新しい単語を教える方法にはいろいろとあるだろう。ここでは、3つほど考えてみたい。

(1)フラッシュカード(flash card) を用いる方法
この方法は、意味と綴りを繰り返し確認するために、学習者は瞬時に認識できる語彙を増やすことになる。フラッシュカードを用いた活動は、初級学習者から活用できるが、学習者のレベル、単語の習熟度、 品詞に応じて工夫する必要がある。

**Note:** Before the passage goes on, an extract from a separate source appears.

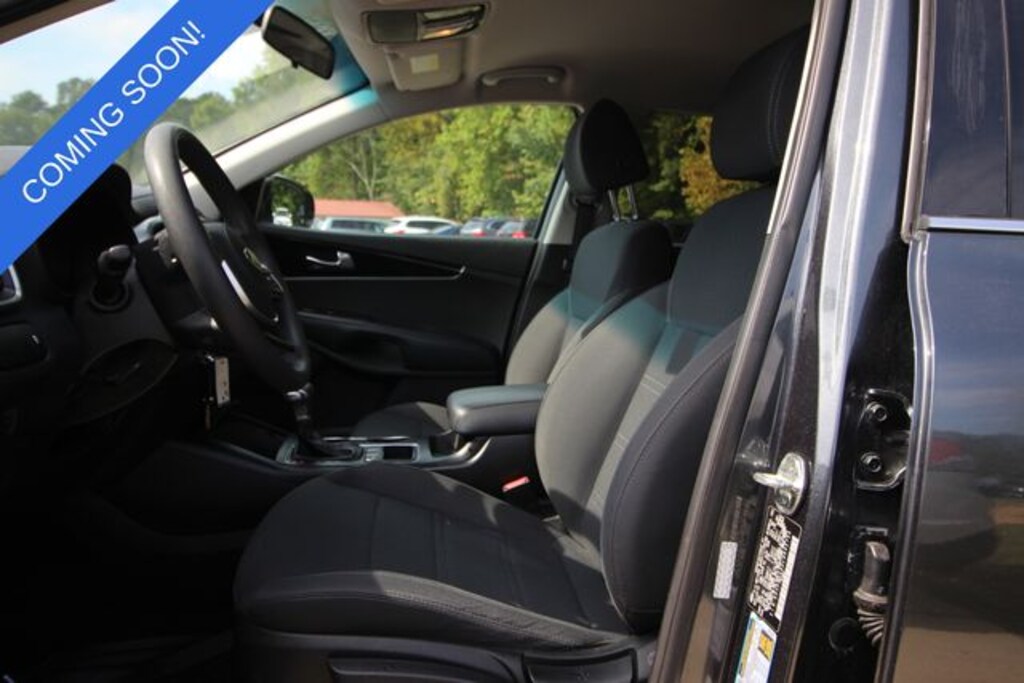 Used 2020 Kia Sorento LX SUV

小学生や中学初学年では表の面に英単語を書き、裏の面はその内容を表わす絵やイラストを書くカードが有効だ。ただ、それらは具体的な事象を示す語意ばかりになる。リンゴの絵とappleという単語の結びつきは有効だ。中学校の進んでからは、覚える単語も抽象的な語が増えるであろうから、表面には英語を裏面には日本語訳を記す方法が有効になっていく。いずれにせよ、学年が上がるにつれて絵やイラストは不要になり、裏面に日本語訳ばかりになる。そして、最終段階では、表の面に簡単な英語による定義を書いておくといい。それを見せながら、裏の面の語彙をあてさせる方法も可能だろう。

(2)カタカナ英語の活用
日本語にあるカタカナ英語を活用することは、たとえ意味が部分的にしか重ならない場合でも、英語学習に役立つ。指導にカタカナ英語を活用する際には、英語の原義との違いをしっかりと教えておく必要がある。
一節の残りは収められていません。